(Data extracted from a collection)
= = = = = = =

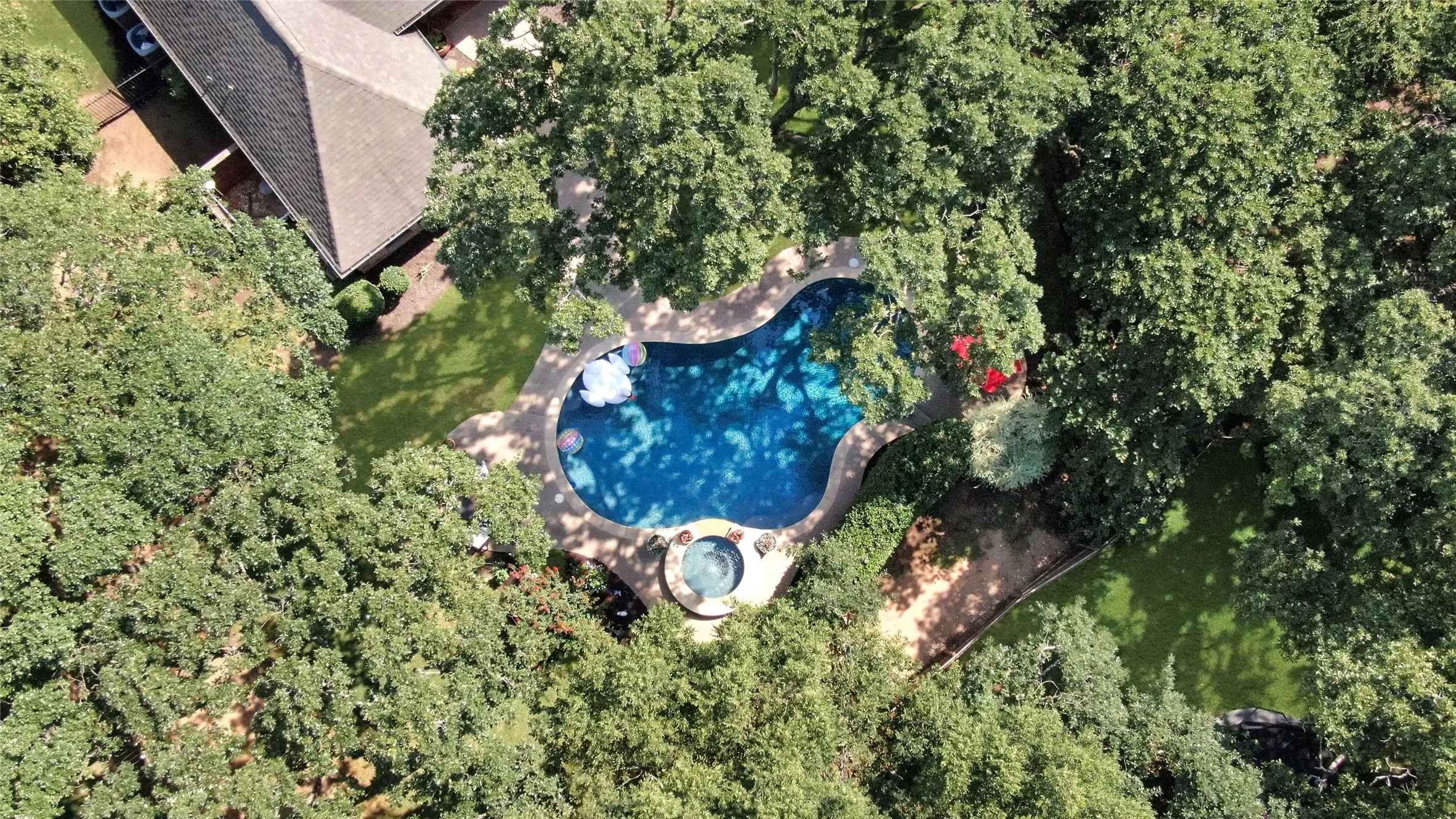 Drone view of pool and spa nestled in shade trees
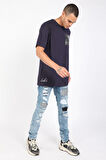 Erkek Lacivert Bisiklet Yaka T-shirt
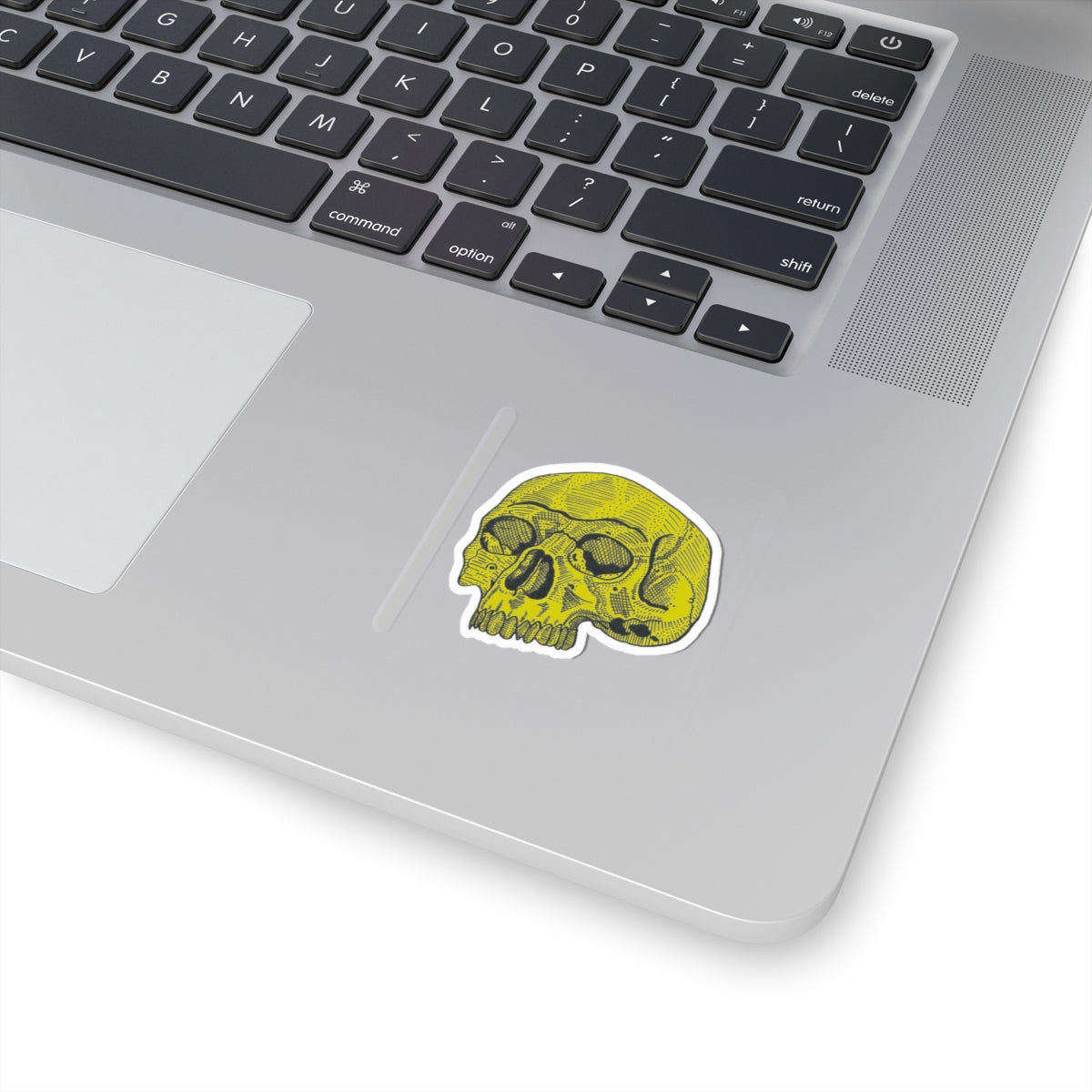 Yellow Retro Etched Skull Kiss-Cut Sticker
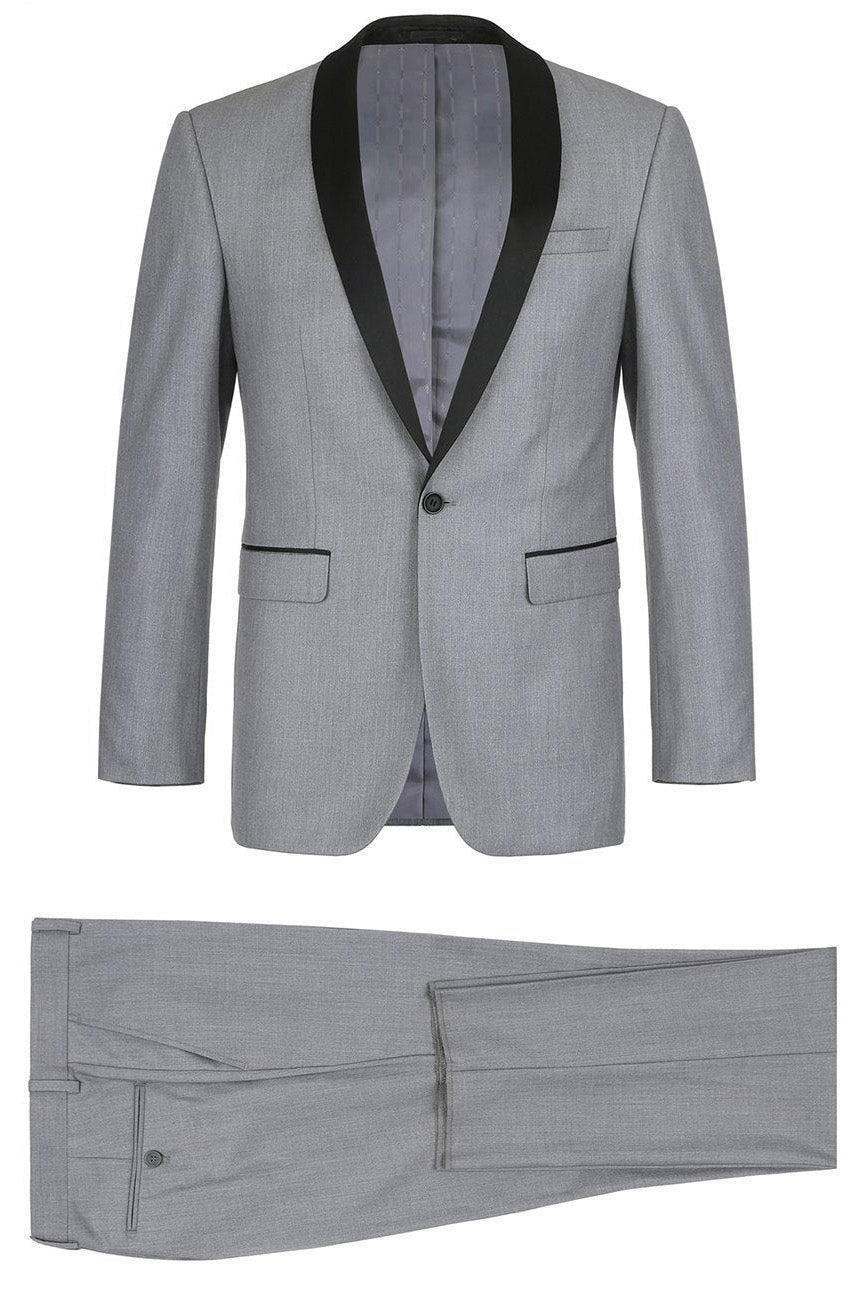 Paris Grey 1-Button Shawl Tuxedo (2-Piece Set) by RN Collection
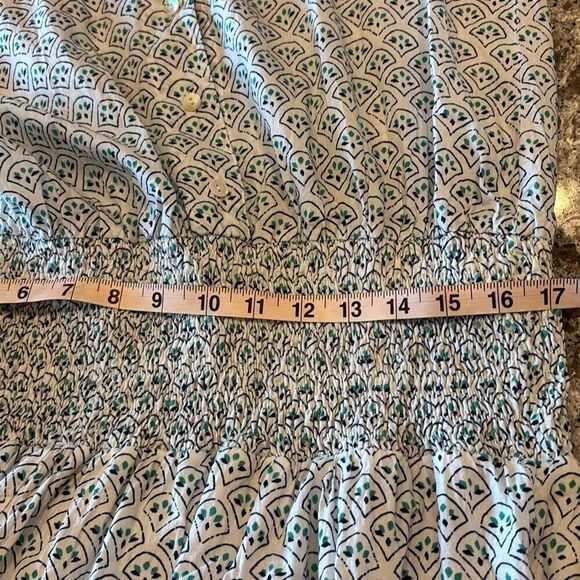 Perry Walker Collective blue mini dress ruffle hem button top Sz S - Picture 9 of 11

= = = = = = =

# Task description:
Your task is to set down the records shown above exactly, minus any pictures.

# Output below:
 Drone view of pool and spa nestled in shade trees
 Erkek Lacivert Bisiklet Yaka T-shirt
 Yellow Retro Etched Skull Kiss-Cut Sticker
 Paris Grey 1-Button Shawl Tuxedo (2-Piece Set) by RN Collection
 Perry Walker Collective blue mini dress ruffle hem button top Sz S - Picture 9 of 11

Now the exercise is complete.